* What the exercise asks: Starting at the line that holds "amroha accident all" and stopping at the line that holds "4 Sophie Knee’s", restate the records below word for word, with both of those lines included.

[Web page caption snippets]
■ ■ ■ ■
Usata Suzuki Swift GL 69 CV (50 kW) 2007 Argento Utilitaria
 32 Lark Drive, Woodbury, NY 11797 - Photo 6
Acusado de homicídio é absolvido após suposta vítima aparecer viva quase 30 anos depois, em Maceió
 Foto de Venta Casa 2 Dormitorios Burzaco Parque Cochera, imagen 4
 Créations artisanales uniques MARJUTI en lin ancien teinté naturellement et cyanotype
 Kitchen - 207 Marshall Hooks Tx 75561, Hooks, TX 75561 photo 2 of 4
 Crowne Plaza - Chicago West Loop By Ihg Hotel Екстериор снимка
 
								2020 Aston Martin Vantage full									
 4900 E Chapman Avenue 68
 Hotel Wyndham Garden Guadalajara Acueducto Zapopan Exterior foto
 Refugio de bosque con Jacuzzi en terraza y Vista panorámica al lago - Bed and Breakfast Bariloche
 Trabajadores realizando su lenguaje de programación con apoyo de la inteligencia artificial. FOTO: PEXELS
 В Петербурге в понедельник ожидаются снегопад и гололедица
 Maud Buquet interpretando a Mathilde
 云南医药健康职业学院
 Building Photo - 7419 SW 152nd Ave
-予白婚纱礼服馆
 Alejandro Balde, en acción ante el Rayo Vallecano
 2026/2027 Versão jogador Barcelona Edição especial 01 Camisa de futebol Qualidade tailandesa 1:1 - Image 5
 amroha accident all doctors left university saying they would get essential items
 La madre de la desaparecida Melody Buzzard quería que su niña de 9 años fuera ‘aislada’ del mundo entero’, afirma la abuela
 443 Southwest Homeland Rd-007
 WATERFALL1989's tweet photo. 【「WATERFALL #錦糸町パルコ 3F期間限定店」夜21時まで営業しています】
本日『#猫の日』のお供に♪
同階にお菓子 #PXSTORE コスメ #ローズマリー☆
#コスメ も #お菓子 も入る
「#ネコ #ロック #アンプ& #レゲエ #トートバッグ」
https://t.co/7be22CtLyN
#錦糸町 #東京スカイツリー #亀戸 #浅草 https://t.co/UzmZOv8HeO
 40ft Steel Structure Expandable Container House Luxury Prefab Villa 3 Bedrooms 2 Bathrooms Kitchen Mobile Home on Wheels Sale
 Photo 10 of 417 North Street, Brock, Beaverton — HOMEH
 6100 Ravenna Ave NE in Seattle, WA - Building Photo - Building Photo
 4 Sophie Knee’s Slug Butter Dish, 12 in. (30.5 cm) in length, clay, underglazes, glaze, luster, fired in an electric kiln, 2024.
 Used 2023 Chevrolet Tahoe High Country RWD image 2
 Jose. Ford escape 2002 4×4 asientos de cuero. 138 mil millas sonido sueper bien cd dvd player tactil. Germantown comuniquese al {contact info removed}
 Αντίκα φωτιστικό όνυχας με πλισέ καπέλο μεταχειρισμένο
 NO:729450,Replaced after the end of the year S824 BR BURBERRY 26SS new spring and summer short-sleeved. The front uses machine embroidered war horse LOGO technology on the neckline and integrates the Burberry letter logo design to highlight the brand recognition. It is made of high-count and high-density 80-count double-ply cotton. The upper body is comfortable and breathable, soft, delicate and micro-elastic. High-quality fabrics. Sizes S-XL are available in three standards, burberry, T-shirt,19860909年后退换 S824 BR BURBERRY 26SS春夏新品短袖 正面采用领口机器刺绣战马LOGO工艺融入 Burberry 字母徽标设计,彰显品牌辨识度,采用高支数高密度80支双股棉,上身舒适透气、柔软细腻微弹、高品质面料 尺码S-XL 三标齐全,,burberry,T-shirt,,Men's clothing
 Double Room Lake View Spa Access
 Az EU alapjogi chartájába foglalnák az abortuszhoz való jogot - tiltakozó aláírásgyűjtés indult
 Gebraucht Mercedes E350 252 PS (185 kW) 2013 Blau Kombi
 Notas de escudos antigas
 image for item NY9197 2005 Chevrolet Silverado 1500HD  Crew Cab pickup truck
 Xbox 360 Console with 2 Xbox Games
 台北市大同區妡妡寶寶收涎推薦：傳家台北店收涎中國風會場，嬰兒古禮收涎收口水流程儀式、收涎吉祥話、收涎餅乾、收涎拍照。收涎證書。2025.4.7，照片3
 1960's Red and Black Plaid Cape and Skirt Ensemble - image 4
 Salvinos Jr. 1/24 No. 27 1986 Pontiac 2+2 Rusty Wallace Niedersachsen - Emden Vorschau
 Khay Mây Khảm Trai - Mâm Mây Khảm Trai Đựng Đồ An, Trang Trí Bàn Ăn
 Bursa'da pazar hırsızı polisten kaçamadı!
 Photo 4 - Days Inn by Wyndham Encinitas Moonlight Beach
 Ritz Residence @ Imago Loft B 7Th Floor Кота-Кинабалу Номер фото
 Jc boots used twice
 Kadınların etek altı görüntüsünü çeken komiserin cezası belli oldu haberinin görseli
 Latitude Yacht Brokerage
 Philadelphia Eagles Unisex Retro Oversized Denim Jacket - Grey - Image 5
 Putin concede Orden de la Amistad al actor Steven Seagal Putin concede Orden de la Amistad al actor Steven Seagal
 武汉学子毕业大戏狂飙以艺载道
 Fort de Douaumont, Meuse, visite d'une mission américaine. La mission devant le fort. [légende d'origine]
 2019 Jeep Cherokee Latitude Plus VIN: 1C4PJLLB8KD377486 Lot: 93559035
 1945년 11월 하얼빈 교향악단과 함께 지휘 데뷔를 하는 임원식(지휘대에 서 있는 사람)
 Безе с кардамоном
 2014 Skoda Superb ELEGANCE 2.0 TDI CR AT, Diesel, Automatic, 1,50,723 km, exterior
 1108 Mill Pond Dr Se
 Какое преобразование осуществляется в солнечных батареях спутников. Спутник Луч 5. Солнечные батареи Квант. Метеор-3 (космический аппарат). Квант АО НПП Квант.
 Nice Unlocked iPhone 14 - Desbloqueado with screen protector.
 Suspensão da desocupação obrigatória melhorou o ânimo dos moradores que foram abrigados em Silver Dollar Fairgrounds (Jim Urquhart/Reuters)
■ ■ ■ ■
* Your response:
 amroha accident all doctors left university saying they would get essential items
 La madre de la desaparecida Melody Buzzard quería que su niña de 9 años fuera ‘aislada’ del mundo entero’, afirma la abuela
 443 Southwest Homeland Rd-007
 WATERFALL1989's tweet photo. 【「WATERFALL #錦糸町パルコ 3F期間限定店」夜21時まで営業しています】
本日『#猫の日』のお供に♪
同階にお菓子 #PXSTORE コスメ #ローズマリー☆
#コスメ も #お菓子 も入る
「#ネコ #ロック #アンプ& #レゲエ #トートバッグ」
https://t.co/7be22CtLyN
#錦糸町 #東京スカイツリー #亀戸 #浅草 https://t.co/UzmZOv8HeO
 40ft Steel Structure Expandable Container House Luxury Prefab Villa 3 Bedrooms 2 Bathrooms Kitchen Mobile Home on Wheels Sale
 Photo 10 of 417 North Street, Brock, Beaverton — HOMEH
 6100 Ravenna Ave NE in Seattle, WA - Building Photo - Building Photo
 4 Sophie Knee’s Slug Butter Dish, 12 in. (30.5 cm) in length, clay, underglazes, glaze, luster, fired in an electric kiln, 2024.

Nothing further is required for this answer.